Ah, IAM ! En tant que Marseillais d’adoption depuis mon plus jeune âge, IAM a toujours fait parti de mon paysage, comme la Bonneuh Mèreuh et le Stade Vélodrome. Ils sont là, eux et quelques autres, à veiller sur la ville, gardiens de son esprit bordélique et combatif. En 2017, les Imperial Asiatic Men nous gratifient d’une nouvelle sortie de 19 titres (+19 instrus en édition Deluxe) : Rêvolution. Que vaut ce nouvel opus ? Le rap à 50 ans est-ce encore possible ? Qui a imposé ce jeu de mot comme titre de l’album ? Enquête.

Rêvolution : ce paradoxe

Comment faire un album centré sur un seul et unique thème présent du titre aux rimes, à savoir l’envie de changement (Rêvolution, Révolution, Rêve d’évolution, vous avez compris le truc), tout en se revendiquant orthodoxe dès le premier morceau de l’album ? C’est le tour de force réalisé par IAM pour ce nouvel album.

Orthodoxie

L’orthodoxie est, comme vous le savez tous, un mot savant formé à partir des mots grecs  « orthos » (la droiture) et « doxa » l’opinion. L’orthodoxe est celui qui pense droit, qui pense bien, et qui n’a de fait aucune raison de chercher à changer.

IAM, bien au courant de cette définition, nous fait connaitre sa position dès la troisième minute de l’album « Nous, orthodoxes aujourd’hui, hier et demain, IAM aka scratch et cut dans le refrain » (Depuis longtemps), et restera fidèle à sa parole jusqu’à sa toute fin, à peu près une heure et dix minutes plus tard.

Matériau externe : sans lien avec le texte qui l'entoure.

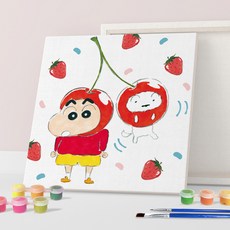 DIY 그림 그리기 짱구는못말려 체리 짱구 20x20, 단품, 1개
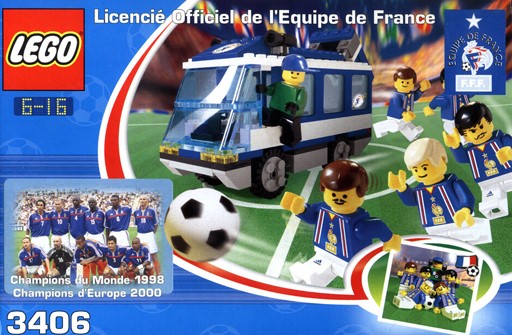 LEGO Produktset 3406-2 - French Team Bus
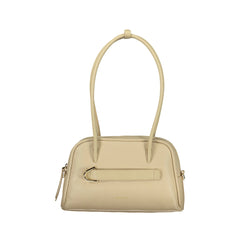 Coccinelle Borsa a Spalla Pelle Donna Beige Logo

Les puristes et autres fans de la première heure regretteront peut être un glissement qualitatif dans les instrumentales, mais dans l’ensemble, Rêvolution s’inscrit très majoritairement dans la continuité des œuvres du collectif marseillais. Il semble honnête à ce propos de vous renvoyer, chers lecteurs avides de précisions, au très intéressant NoFun de nos amis de l’abcdr dédié à ce nouvel album d’IAM.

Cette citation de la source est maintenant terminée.